Dropped $2k on prediction algorithms three years ago. Big mistake. One promised 78% accuracy, another claimed machine learning would make me rich.
They worked for 2-3 weeks, then bled money fast. It’s not just volatility spikes - these things can’t adapt when currency relationships shift.
EUR/USD follows oil for months, then suddenly doesn’t. Your algo keeps trading the old pattern while you’re getting stopped out over and over.
Worst part? They make you overconfident. Few winning trades and you think you’ve cracked the code. Then one bad week kills months of small gains.
I stick to price action and basic indicators now. Way more reliable than any fancy algorithm. Want automation? Use simple EAs with clear rules, not prediction systems trying to outsmart the market.
I’ve tested several prediction algos over the years. Most fall apart when markets get choppy. Sure, backtests look great - they’re trained on data they’ve already seen.
Ran one system for 6 months that showed 85% win rate in backtests. Real performance? Maybe 60%, and losses hit way harder than expected during news events or major economic announcements.
These systems can’t handle sudden market shifts.

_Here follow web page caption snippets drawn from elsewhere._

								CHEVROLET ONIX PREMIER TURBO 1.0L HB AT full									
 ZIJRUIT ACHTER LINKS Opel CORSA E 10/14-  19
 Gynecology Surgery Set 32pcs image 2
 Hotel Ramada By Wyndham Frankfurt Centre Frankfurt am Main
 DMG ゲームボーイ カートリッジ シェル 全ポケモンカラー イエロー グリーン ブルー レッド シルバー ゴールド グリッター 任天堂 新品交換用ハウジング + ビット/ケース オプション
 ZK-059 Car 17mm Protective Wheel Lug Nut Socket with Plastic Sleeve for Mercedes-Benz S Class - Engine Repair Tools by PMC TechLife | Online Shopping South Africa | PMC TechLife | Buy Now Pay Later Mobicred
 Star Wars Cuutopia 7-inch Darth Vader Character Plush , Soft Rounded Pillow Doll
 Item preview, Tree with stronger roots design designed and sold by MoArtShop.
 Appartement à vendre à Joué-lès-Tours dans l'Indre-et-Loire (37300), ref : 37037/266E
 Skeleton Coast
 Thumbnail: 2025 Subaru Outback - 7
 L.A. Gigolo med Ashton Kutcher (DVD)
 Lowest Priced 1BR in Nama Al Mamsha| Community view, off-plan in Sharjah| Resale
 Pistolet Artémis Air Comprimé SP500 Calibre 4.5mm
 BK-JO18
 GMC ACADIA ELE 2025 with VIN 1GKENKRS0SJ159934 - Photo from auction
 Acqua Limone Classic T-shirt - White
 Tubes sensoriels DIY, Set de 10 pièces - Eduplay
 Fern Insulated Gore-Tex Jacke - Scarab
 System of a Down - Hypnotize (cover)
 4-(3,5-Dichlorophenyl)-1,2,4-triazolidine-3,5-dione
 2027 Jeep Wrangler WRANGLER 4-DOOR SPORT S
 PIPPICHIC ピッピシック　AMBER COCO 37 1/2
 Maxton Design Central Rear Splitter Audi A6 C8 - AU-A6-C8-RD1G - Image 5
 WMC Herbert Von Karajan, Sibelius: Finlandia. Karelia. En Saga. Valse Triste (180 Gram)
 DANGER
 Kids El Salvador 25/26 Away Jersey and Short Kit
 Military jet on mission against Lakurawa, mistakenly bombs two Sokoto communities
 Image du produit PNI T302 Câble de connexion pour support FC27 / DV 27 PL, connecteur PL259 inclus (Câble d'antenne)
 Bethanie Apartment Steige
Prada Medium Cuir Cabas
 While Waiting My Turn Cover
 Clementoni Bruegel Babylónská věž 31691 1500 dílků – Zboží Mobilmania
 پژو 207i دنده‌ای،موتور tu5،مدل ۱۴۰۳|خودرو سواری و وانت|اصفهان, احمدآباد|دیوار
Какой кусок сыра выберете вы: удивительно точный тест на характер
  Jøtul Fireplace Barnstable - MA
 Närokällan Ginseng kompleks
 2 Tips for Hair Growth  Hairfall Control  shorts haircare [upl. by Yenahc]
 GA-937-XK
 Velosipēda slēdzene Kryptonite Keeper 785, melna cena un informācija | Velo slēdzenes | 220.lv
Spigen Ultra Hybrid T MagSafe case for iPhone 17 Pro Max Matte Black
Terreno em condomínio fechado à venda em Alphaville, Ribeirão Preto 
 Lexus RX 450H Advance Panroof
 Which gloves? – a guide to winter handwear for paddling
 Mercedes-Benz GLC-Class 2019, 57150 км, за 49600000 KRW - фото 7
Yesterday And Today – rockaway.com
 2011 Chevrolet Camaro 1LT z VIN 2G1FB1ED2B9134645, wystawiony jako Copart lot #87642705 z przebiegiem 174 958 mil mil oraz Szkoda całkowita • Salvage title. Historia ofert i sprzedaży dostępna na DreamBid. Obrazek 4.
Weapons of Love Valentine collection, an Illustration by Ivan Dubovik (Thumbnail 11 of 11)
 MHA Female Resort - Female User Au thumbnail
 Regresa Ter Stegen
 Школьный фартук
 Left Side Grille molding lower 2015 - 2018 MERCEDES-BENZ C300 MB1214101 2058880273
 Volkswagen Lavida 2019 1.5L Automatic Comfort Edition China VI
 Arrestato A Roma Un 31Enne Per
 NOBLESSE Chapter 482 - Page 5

They’re decent during stable trends but get wrecked on reversals or unexpected central bank moves.
Want to test one? Start with tiny positions and track everything manually for at least 3 months before risking real money. Every successful algo trader I know combines automated systems with manual oversight - never goes full auto.
The gap between backtest and live performance? Curve fitting. Most algos just optimize for past patterns that won’t repeat exactly. Real trading hits you with slippage, spreads that blow out during news, and broker delays. Your backtest assumes perfect fills at exact prices - good luck with that. I’ve watched traders lose months of algo profits in a single volatile week. These systems work until they don’t, and when they break, they break hard. Better move: use algos as one input, not the final call. Always keep manual override ready.
Prediction algorithms perform okay until the market shifts unexpectedly. They can show good results most times, but when volatility increases, losses can happen. It’s best to use them alongside other indicators for better trading decisions.